TASK BRIEF | Transcribe the records in full; omit images.

********

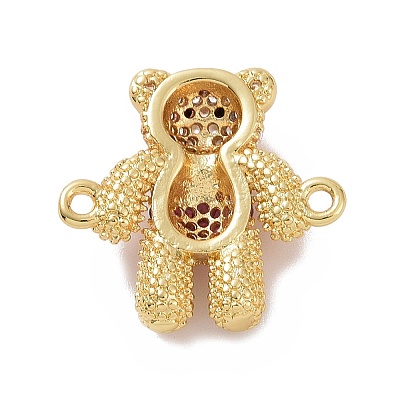 Brass Micro Pave Cubic Zirconia Connector Charms ZIRC-P107-01G-1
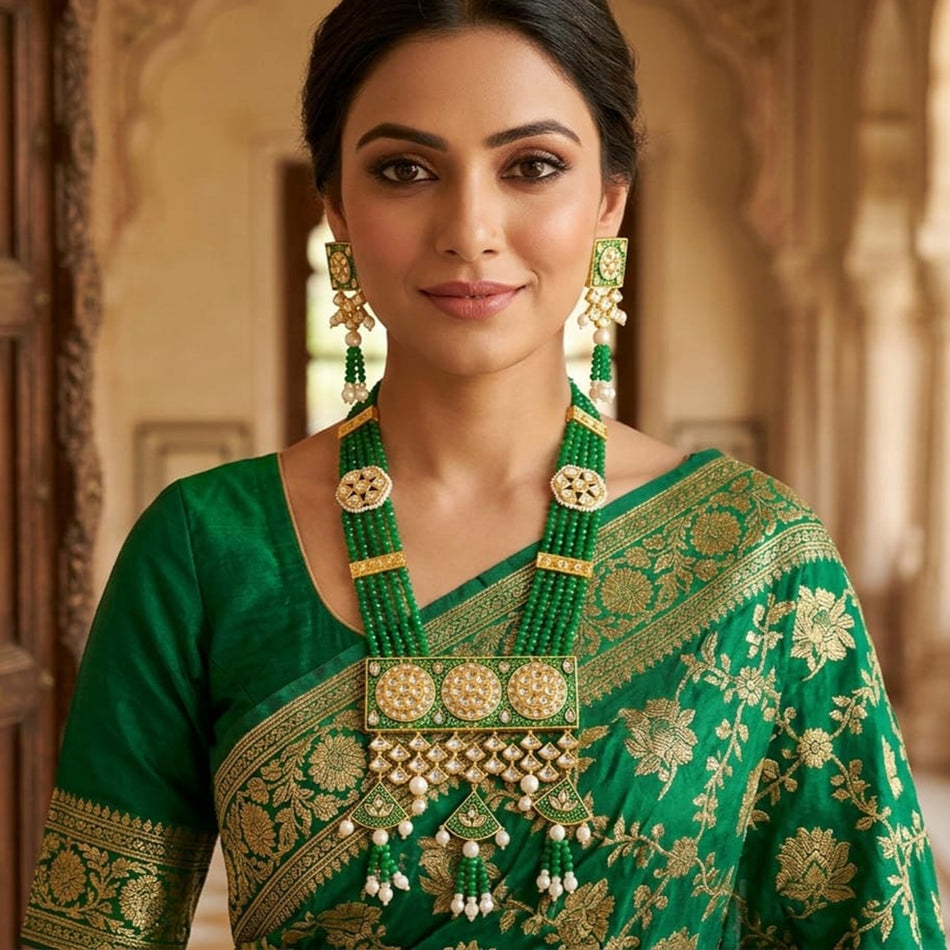 Kundan   Pearl Necklace Set in  Gold Plated | Bridal Jewellery India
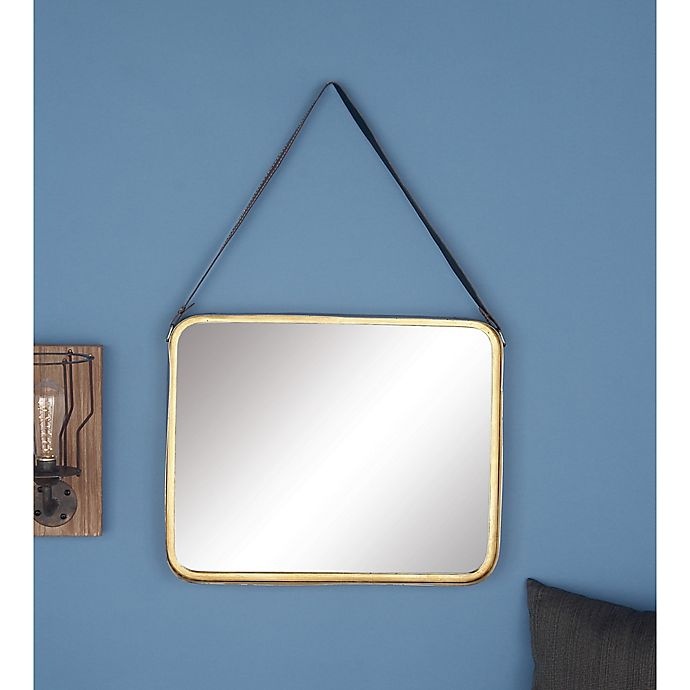 slide 2 of 5, Ridge Road Decor Modern Reflections 16-Inch Square Wall Mirror - Gold, 59 in 16 in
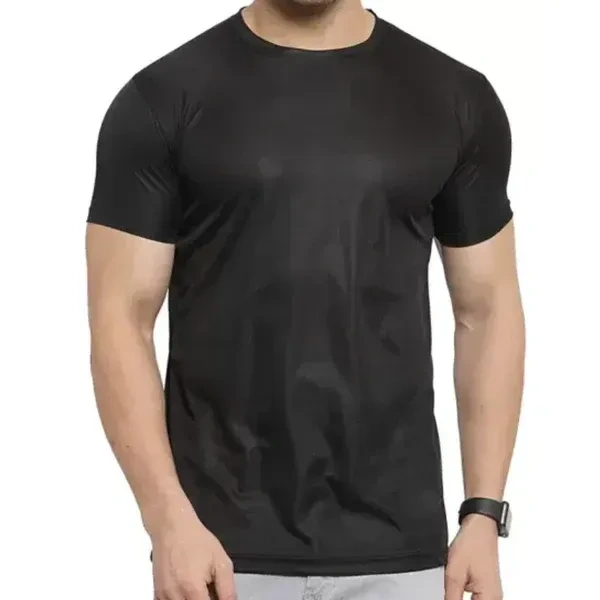 Polyster Tshirt ( Black ) - 18, 20, 22, 24, 26, 28, 30, 32, 34, 36, 38, 40, 42, and 44,, Black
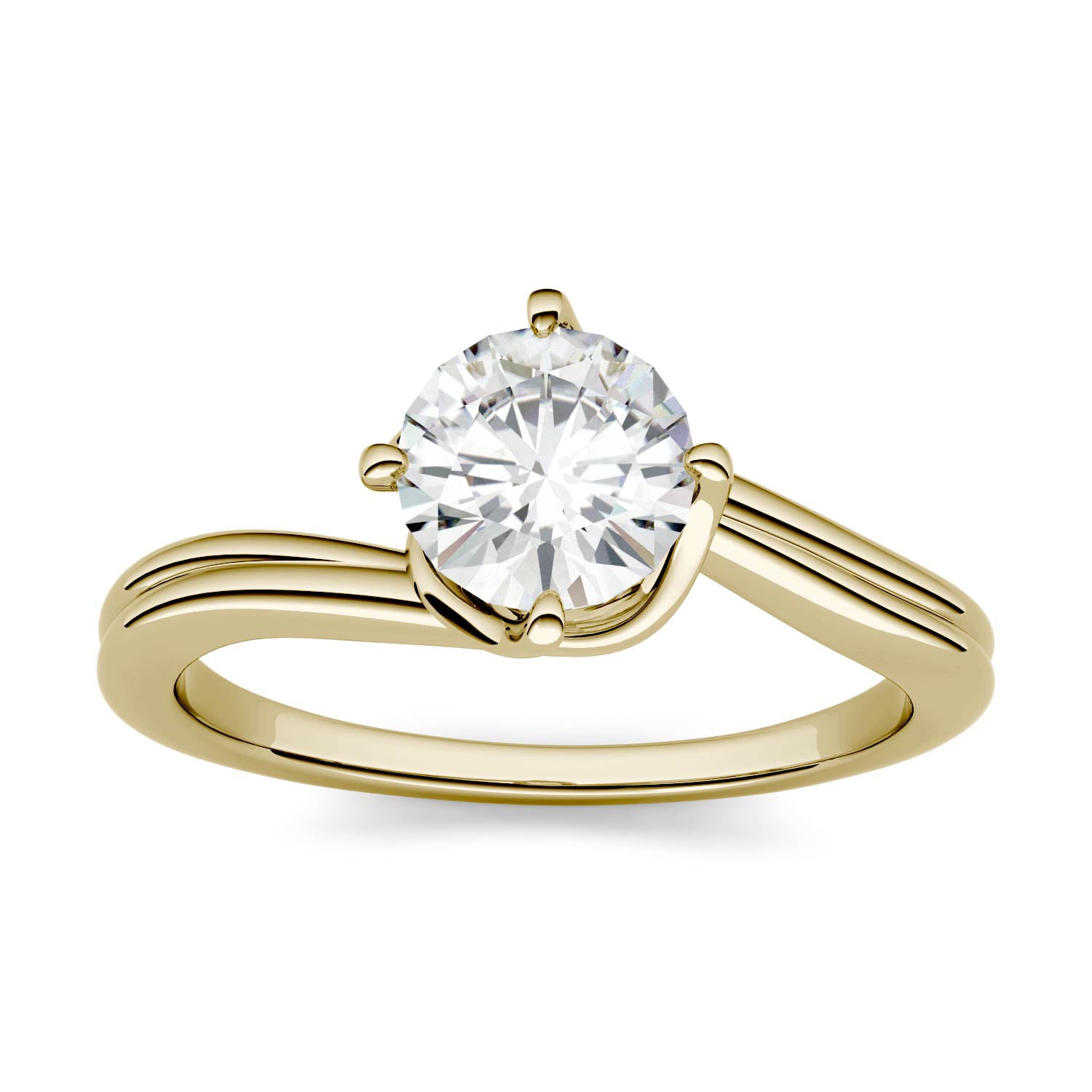 1.00 CTW DEW Round Moissanite Solitaire Engagement Ring in 14K Gold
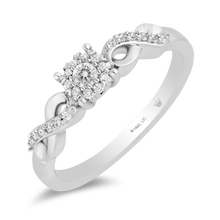 Load image into Gallery viewer, Hallmarkfinejewelry Diamond Halo Criss-Cross Loop Promise Ring in Sterling Silver
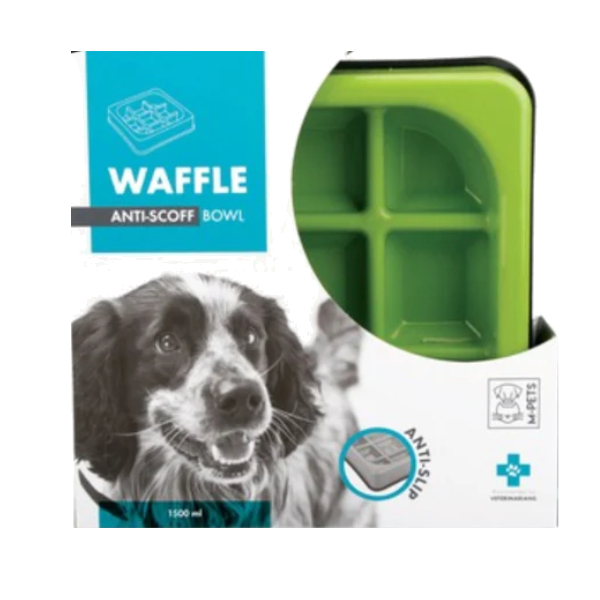 M-Pets Plato Waffle -Bocados Despacio (Verde)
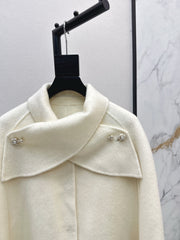 Double-faced wool cape jacket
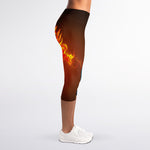 Fire And Ice Dragons Print Women's Capri Leggings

********

EXERCISE SOLUTION |
 Brass Micro Pave Cubic Zirconia Connector Charms ZIRC-P107-01G-1
 Kundan   Pearl Necklace Set in  Gold Plated | Bridal Jewellery India
 slide 2 of 5, Ridge Road Decor Modern Reflections 16-Inch Square Wall Mirror - Gold, 59 in 16 in
 Polyster Tshirt ( Black ) - 18, 20, 22, 24, 26, 28, 30, 32, 34, 36, 38, 40, 42, and 44,, Black
 1.00 CTW DEW Round Moissanite Solitaire Engagement Ring in 14K Gold
 Load image into Gallery viewer, Hallmarkfinejewelry Diamond Halo Criss-Cross Loop Promise Ring in Sterling Silver
 M-Pets Plato Waffle -Bocados Despacio (Verde)
 Double-faced wool cape jacket
 Fire And Ice Dragons Print Women's Capri Leggings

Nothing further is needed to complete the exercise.